» GOAL OF THE EXERCISE:
Reproduce the lines of the material exactly, excluding every image.

» INFORMATION SUPPLIED:
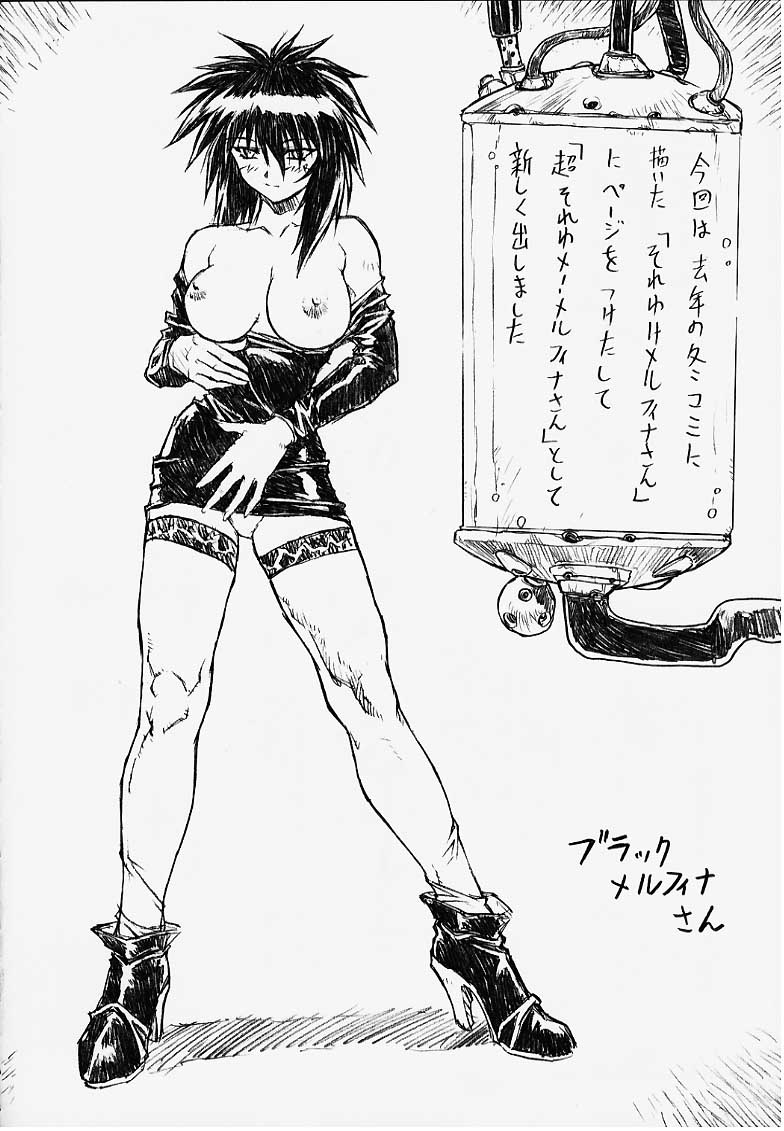 (C56) [なかよひモグダン (モグダン)] 超それゆけ！メルフィナさん 完成版 (星方武侠アウトロースター)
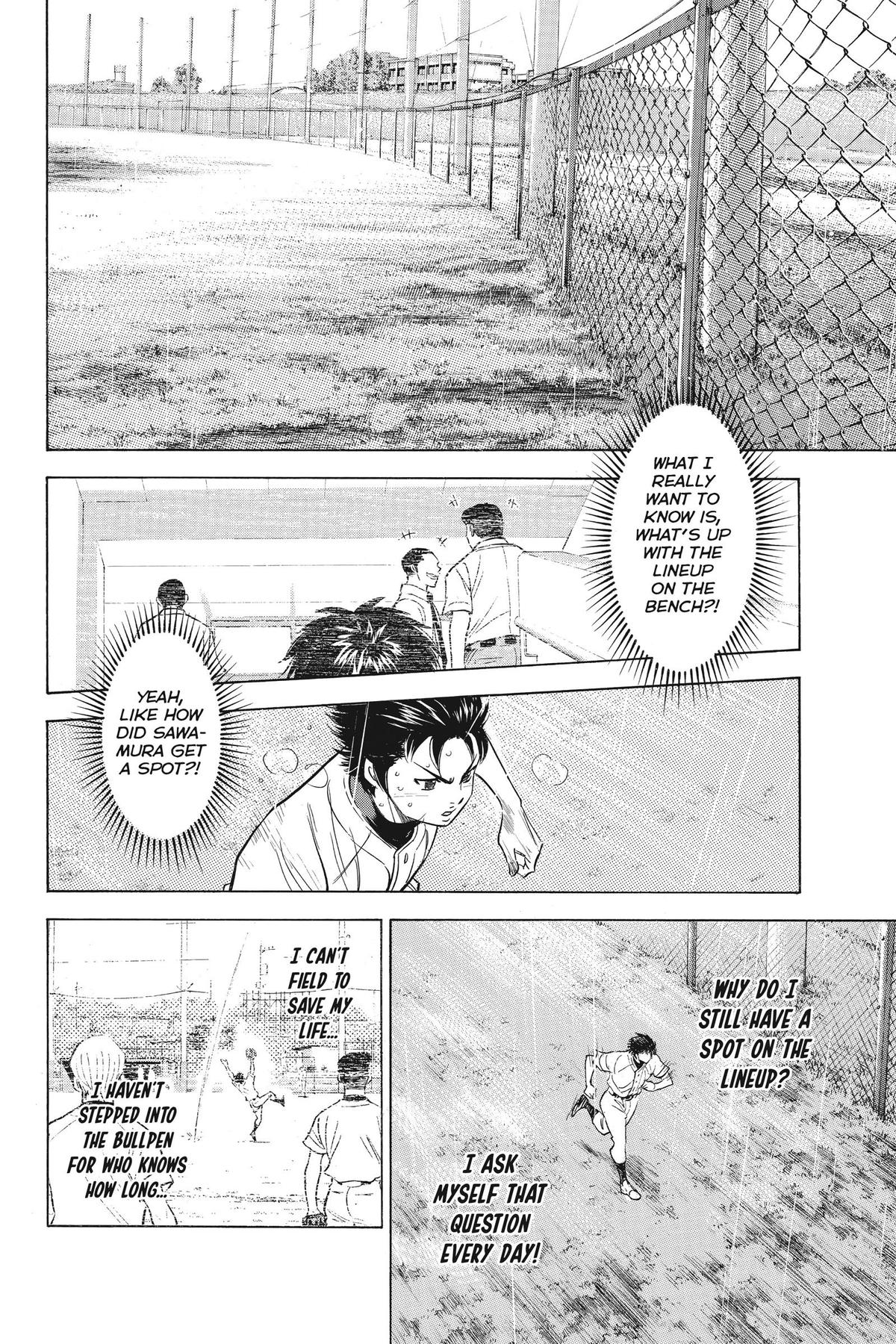Read Ace of the Diamond Manga Online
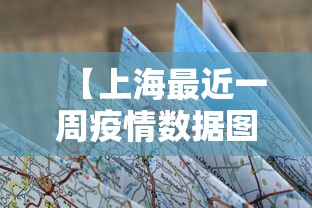 【上海最近一周疫情数据图,上海最近疫情情况怎么样】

» OUTPUT OF THE EXERCISE:
 (C56) [なかよひモグダン (モグダン)] 超それゆけ！メルフィナさん 完成版 (星方武侠アウトロースター)
Read Ace of the Diamond Manga Online
 【上海最近一周疫情数据图,上海最近疫情情况怎么样】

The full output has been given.